▶ _Exercise brief_
Could you set down the listing below exactly and omit its images?

▶ _Dataset extract_
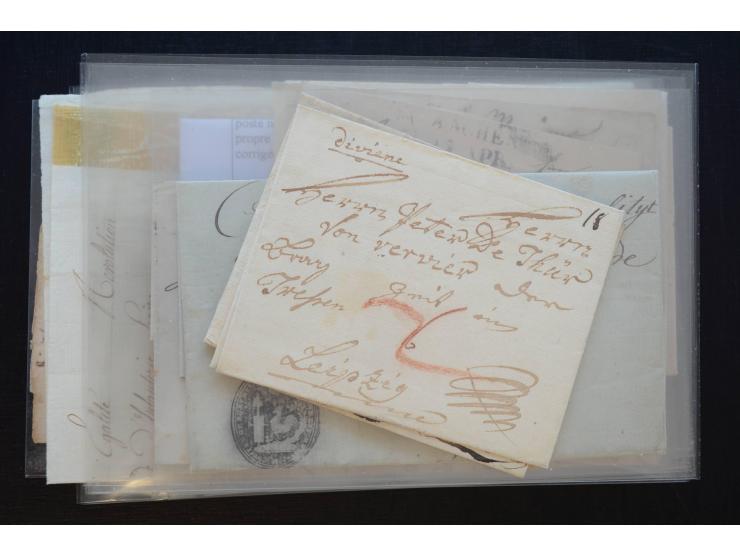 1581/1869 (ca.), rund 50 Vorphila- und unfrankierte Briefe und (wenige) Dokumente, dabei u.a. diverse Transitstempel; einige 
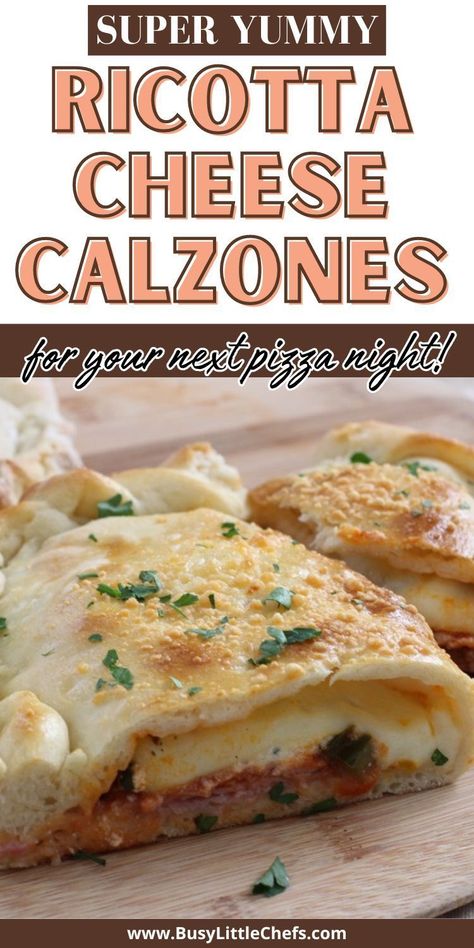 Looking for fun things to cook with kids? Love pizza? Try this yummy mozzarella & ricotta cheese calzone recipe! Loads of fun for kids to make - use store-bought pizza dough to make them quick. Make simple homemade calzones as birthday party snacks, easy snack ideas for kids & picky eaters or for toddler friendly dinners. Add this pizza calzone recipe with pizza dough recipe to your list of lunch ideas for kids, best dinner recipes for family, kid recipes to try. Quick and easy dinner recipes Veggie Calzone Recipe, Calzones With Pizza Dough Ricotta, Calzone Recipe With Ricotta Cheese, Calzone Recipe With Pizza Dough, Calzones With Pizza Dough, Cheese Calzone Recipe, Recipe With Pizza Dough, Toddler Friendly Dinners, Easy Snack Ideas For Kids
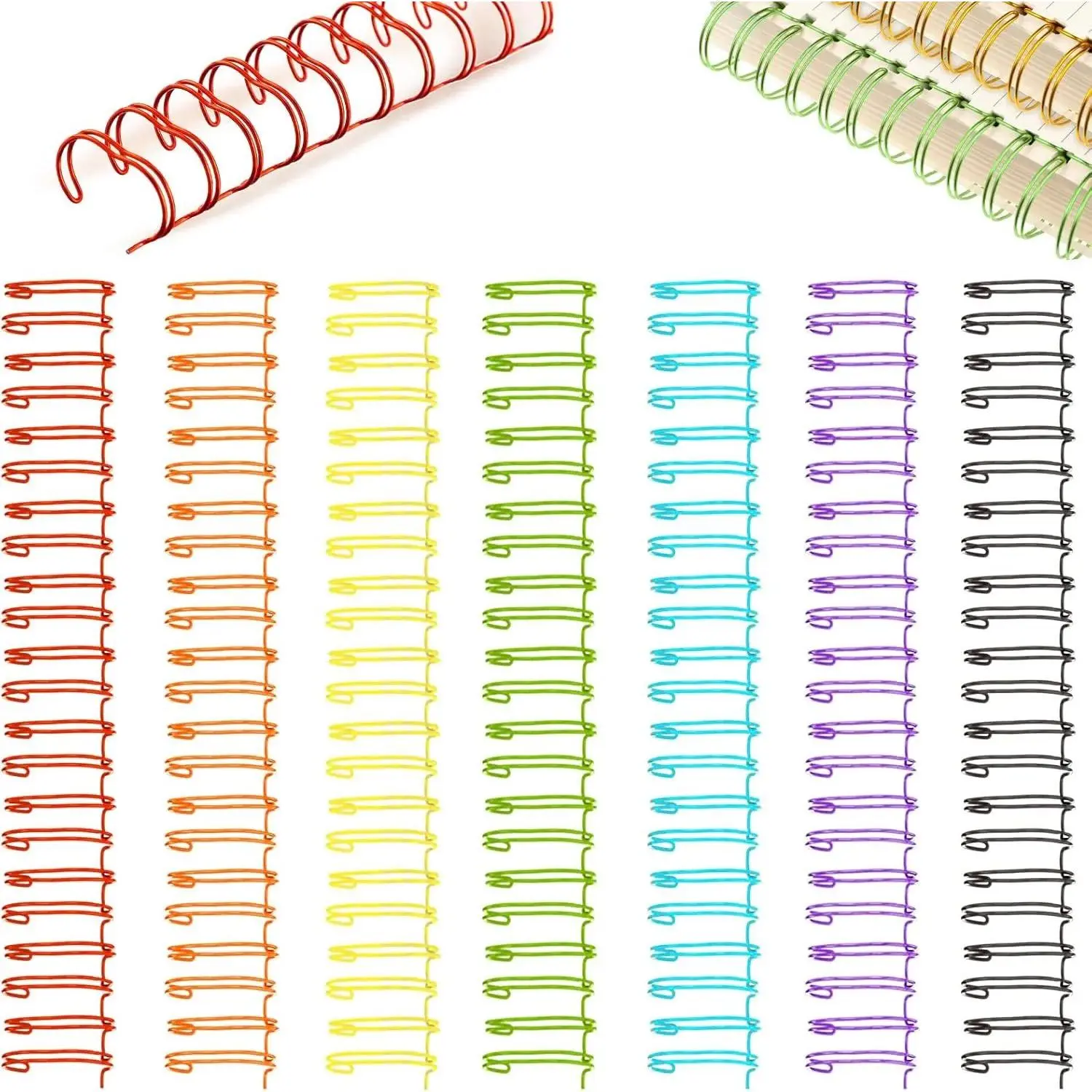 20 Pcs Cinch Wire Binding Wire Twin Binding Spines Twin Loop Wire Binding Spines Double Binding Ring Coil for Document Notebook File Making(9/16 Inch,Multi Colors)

▶ _Answer section_
 1581/1869 (ca.), rund 50 Vorphila- und unfrankierte Briefe und (wenige) Dokumente, dabei u.a. diverse Transitstempel; einige 
 Looking for fun things to cook with kids? Love pizza? Try this yummy mozzarella & ricotta cheese calzone recipe! Loads of fun for kids to make - use store-bought pizza dough to make them quick. Make simple homemade calzones as birthday party snacks, easy snack ideas for kids & picky eaters or for toddler friendly dinners. Add this pizza calzone recipe with pizza dough recipe to your list of lunch ideas for kids, best dinner recipes for family, kid recipes to try. Quick and easy dinner recipes Veggie Calzone Recipe, Calzones With Pizza Dough Ricotta, Calzone Recipe With Ricotta Cheese, Calzone Recipe With Pizza Dough, Calzones With Pizza Dough, Cheese Calzone Recipe, Recipe With Pizza Dough, Toddler Friendly Dinners, Easy Snack Ideas For Kids
 20 Pcs Cinch Wire Binding Wire Twin Binding Spines Twin Loop Wire Binding Spines Double Binding Ring Coil for Document Notebook File Making(9/16 Inch,Multi Colors)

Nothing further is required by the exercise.